Ia baru merasa mendapat kesempatan yang lebih sesuai minat ketika Departemen Pertanian pemerintah kolonial Australia di Papua Nugini membuka lowongan pekerjaan. Brockhall mendaftar dan diterima pada 1954. Brockhall mulai menekuni karier sebagai PNS, sementara istrinya bekerja sebagai staf administrasi keuangan—profesi yang geluti sampai dua dekade. Di Papua Nugini pula pula anak-anak Brockhall lahir dan mereka semua diberi kewarganegaraan Australia.
Pada awal 1970-an, Brockhall menempuh pendidikan sarjana di bidang antropologi sosial dan sejarah Melanesia. Ketika itu ia mulai merasa tidak cocok dengan misi pembangunan ekonomi yang dipromosikan oleh elite pejabat kolonial karena menganggap itu dapat merusak budaya dan adat istiadat masyarakat asli.
Brockhall kembali ke Australia pada 1974, setahun sebelum kemerdekaan Papua Nugini. Di sana ia melanjutkan studi pascasarjana dan mengajar di salah satu kampus di New South Wales. Persisnya pada 2009, atau saat berusia 81, ia berhasil menyelesaikan studi doktoral, mengangkat topik tentang pengalaman imigran Yunani dan Cyprus di Australia.
Brockhall sempat menempati lahan peternakan di negara bagian Victoria, membuatnya terkenang dengan masa kecil di lanskap perkebunan Jawa. Tempat itu diberi nama “Mirrabooka”, berasal dari bahasa lokal Mirraboo yang berarti 'konstelasi bintang'. Ia memaknainya sebagai titik-titik perjalanan bermigrasi selama ini.
Di sanalah Brockhall merasakan apa yang tidak ia alami selama ini: bebas. “Bebas dari batasan kurungan, bebas dari gerakan tari yang mengikuti irama orang lain, akhirnya bebas untuk mengolah lahan dengan cara sendiri.”
Pengalaman Brockhall, dan orang-orang keturunan Belanda lain di Hindia Belanda, mungkin terdengar aneh di telinga kita sebab mereka datang dari tatanan struktur kolonial yang menguntungkan komunitas orang kulit putih selama sekian generasi. Kolonialisme telah melahirkan hierarki rasial yang menempatkan mereka sebagai kelompok penguasa, sedangkan penduduk jajahan diperlakukan sebagai bawahan—atau istilahnya kala itu babu dan jongos.
Karena itulah penting untuk membaca riwayat hidup orang seperti Brockhall. Ia adalah sejarah kemanusiaan yang meninjau peristiwa sosial bukan semata-mata urusan dua negara bangsa yang sedang terlibat sengketa, tetapi juga tentang relasi persahabatan dan kekeluargaan yang tiba-tiba saja bercerai-berai akibat perang.

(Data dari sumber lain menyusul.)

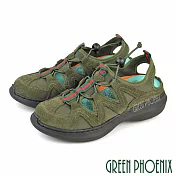 【GREEN PHOENIX】女 涼鞋 全真皮 手縫 撞色 束帶釦 厚底 氣墊 EU40 綠色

Pendek kata, autobiografi Brockhall bisa dibaca sebagai pengalaman seorang anak manusia yang dilahirkan sebagai kulit putih di Indonesia pada senja kala era kolonial, yang berusaha mencari “rumah” baru setelah negeri yang dianggapnya sebagai tanah air menolak keberadaan dirinya.
Dari memoar ini kita bisa melihat jelas bagaimana panjang dan kompleks usaha pencarian makna “rumah” oleh Brockhall, juga mungkin orang-orang yang hidup di masa yang sama dengannya dan dengan latar belakang serupa.